### ACTIVITY
Please give every line below again exactly, but not its pictures.

── RECORDED DATA ──

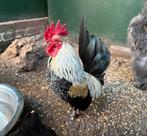 Kemen, leuke serama haan, Dieren en Toebehoren, Pluimvee, Mannelijk, Kip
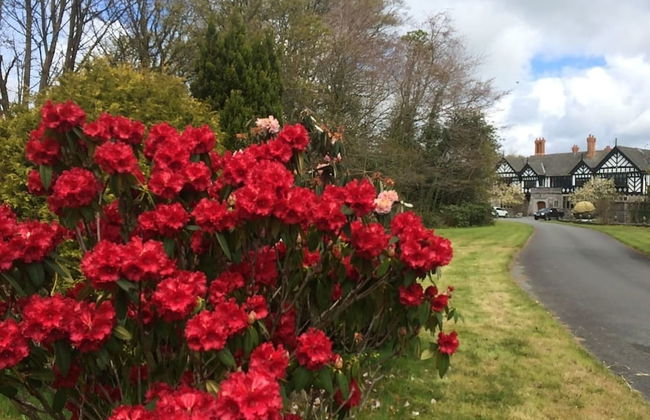 Upper Lake Chalet , Dog and Pet Friendly - Photo 12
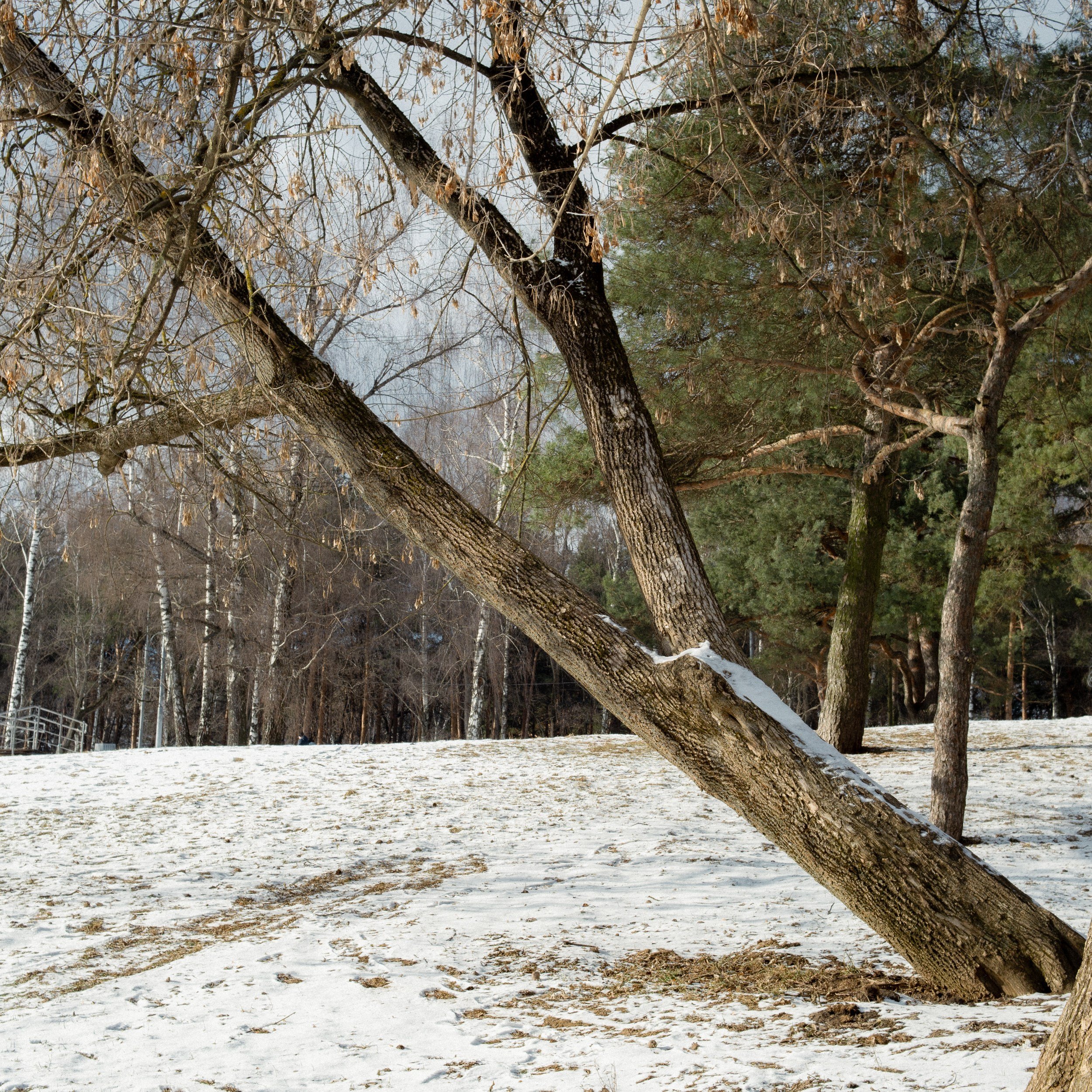 Оттепель. Photographer Pavel Romashchenko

───

### SOLVED PROBLEM
 Kemen, leuke serama haan, Dieren en Toebehoren, Pluimvee, Mannelijk, Kip
 Upper Lake Chalet , Dog and Pet Friendly - Photo 12
 Оттепель. Photographer Pavel Romashchenko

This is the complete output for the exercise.